Dalla prefazione di Silvio Berlusconi
Padre Zef rompe anni di silenzio e di morte sul gulag albanese con il coraggio di chi ama la libertà e si batte in suo nome. Egli apre il nostro cuore, lo riempie di commozione e di indignazione, per poi indurci a costruire qualcosa che somigli a ciò che è buono e giusto. La verità, come sempre, è che l’amore è più forte dell’odio. Quante tombe dovremo ancora scavare nella memoria dei popoli per trovare tutte le vittime del comunismo? A soli sessanta chilometri dall’Italia ci sono fosse comuni di martiri e giacimenti di dolore. Questo libro dà loro una voce postuma, sulla scia del grande Aleksandr Solženicyn. Nonostante questo obbrobrio, per molti anni il comunismo italiano ha guardato con simpatia ai compagni schipetari: c’era una vera e triste alleanza proprio nei mesi e negli anni in cui gli assassini al servizio del tiranno Enver Hoxha tiravano novegrammi di piombo nella testa di chiunque fosse sospetto. Oppure – come è raccontato nel libro – infilavano donne inermi dentro sacchi insieme con gatti affamati, e poi bastonavano i sacchi sicuri di provocare sofferenze atroci. Stalin, Tito e Togliatti stabilirono che l’Albania doveva diventare una specie di parco giochi dell’orrore comunista. Si prestava alla bisogna il fatto che tante regioni e vallate remote avessero una popolazione ancora legata a condizioni prefeudali (ma non per questo di civiltà inferiore). Ecco che dalla teoria si passò immediatamente alla pratica di un comunismo quale esperimento di scienziati politici criminali che ridusse una terra ricca di nobiltà a laboratorio di ingegneria sociale. Uomini custoditi come bestie dentro un enorme campo di concentramento, controllati e sottoposti a coercizione.

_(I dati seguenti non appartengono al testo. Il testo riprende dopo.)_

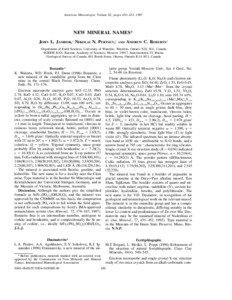 American Mineralogist, Volume 82, pages 430–433, 1997  NEW MINERAL NAMES*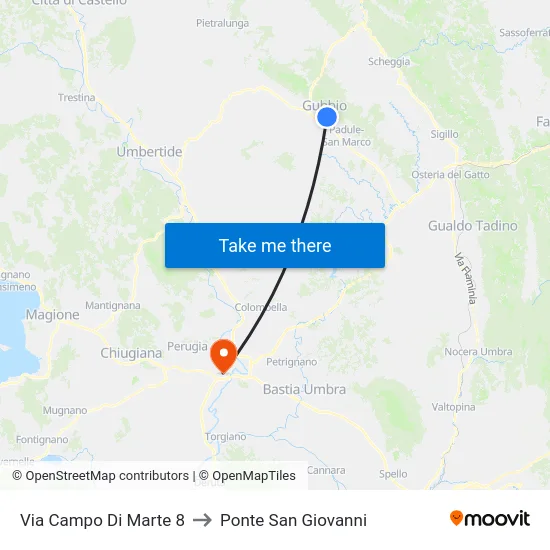 Via Campo Di Marte 8 to Ponte San Giovanni map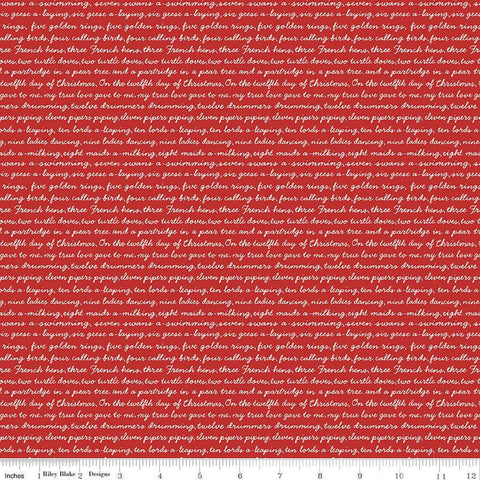 SALE A Pear-fect Christmas Calling Words C14974 Red - Riley Blake Designs - Text The Twelve Days of Christmas - Quilting Cotton Fabric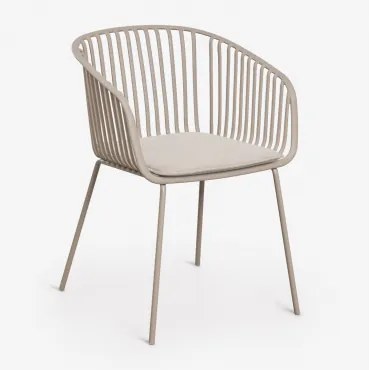 Set Van 2 Tuinstoelen Met Armleuningen Van Staal En Polypropyleen Aradina Moka Bruin - Sklum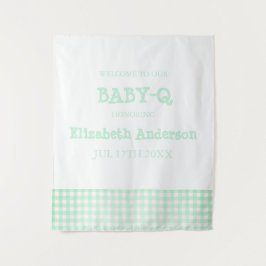 Tapiz Baby-Q Mint Green Gingham Baby Shower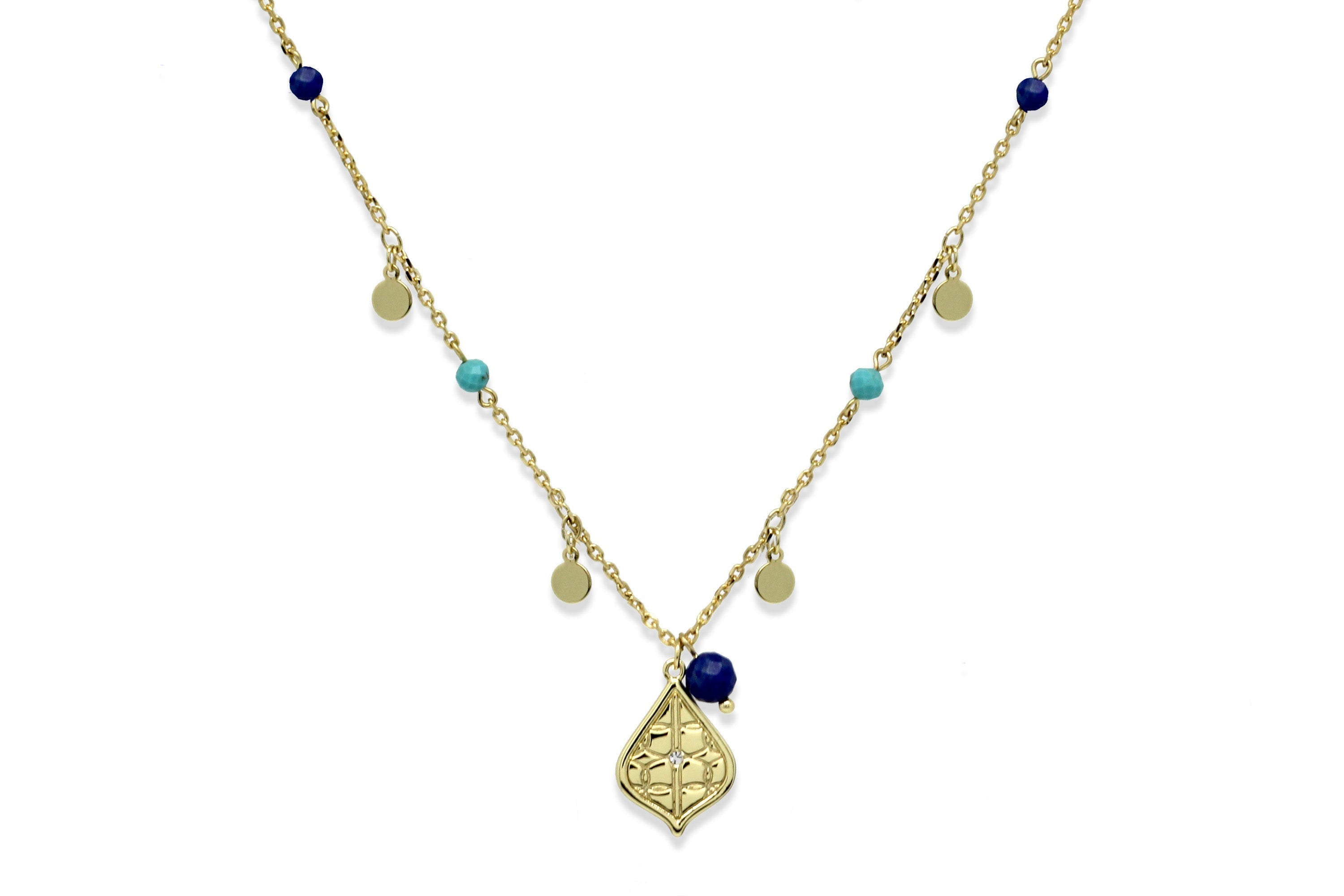 Nott Gold Pendant Multi Charm Necklace - Boho Betty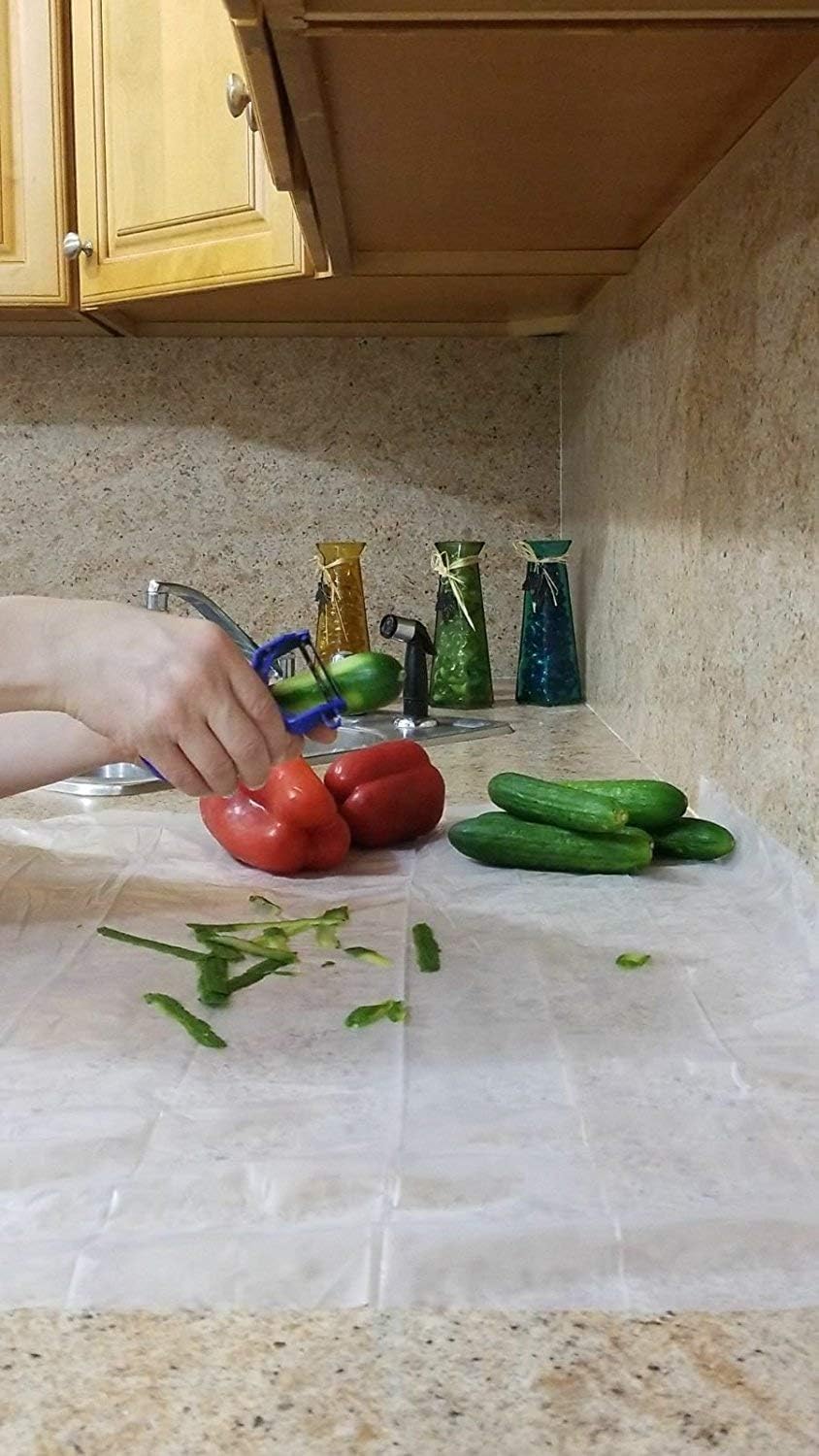 Extra Large Disposable Counter Liners, Pack of 18 Plastic Kitchen Covers for Easy Cleanup After Food Prep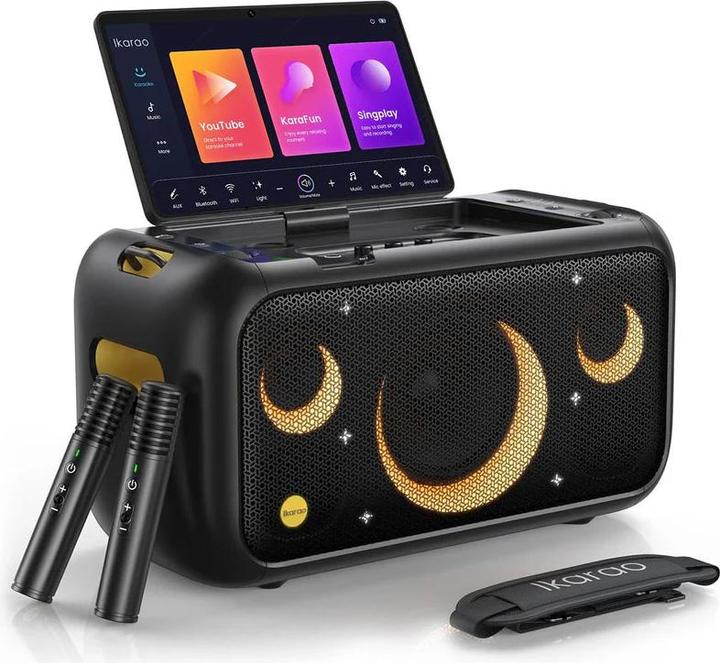 Actual product image Ikarao Karaoke box Break X1 13" screen 2 microphones, 800W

Questo volume andrebbe diffuso non solo in tutte le biblioteche e riadattato in una fiction televisiva, ma soprattutto andrebbe letto nelle scuole italiane per fare conoscere anche ai più giovani alcune tragiche verità della storia recente: come il comunismo ha conquistato il potere e come lo ha gestito ferocemente; quali pene ha sofferto il popolo albanese e in quali abissi di menzogna e di violenza è stato ingabbiato; di quale tempra sono stati quelle donne e quegli uomini che non hanno chinato la testa nonostante i supplizî a loro inflitti, perché si può resistere. Quando un despota crede di essere ormai senza opposizione e manca un millimetro perché si chiuda il coperchio con clangore metallico su ogni speranza, ecco che misteriosamente forze spirituali dissipano le tenebre con la loro testimonianza.
Migliaia di albanesi, segretamente ammirati da molti che in essi si riconoscevano, osarono opporsi a questo dispotismo. La loro resistenza di fronte alla tortura e alla morte è la prova che il bisogno di libertà è insopprimibile.
Sono lieto allora di salutare l’edizione italiana di questo memoriale di persecuzione e di gulag, ma soprattutto di rinascita. E devo citare la curatrice e traduttrice del volume, la cara Keda Kaceli, fieramente albanese e italiana insieme. Lei conosce per esperienza le atrocità qui descritte, ma anche il coraggio che trapela in ogni riga del libro.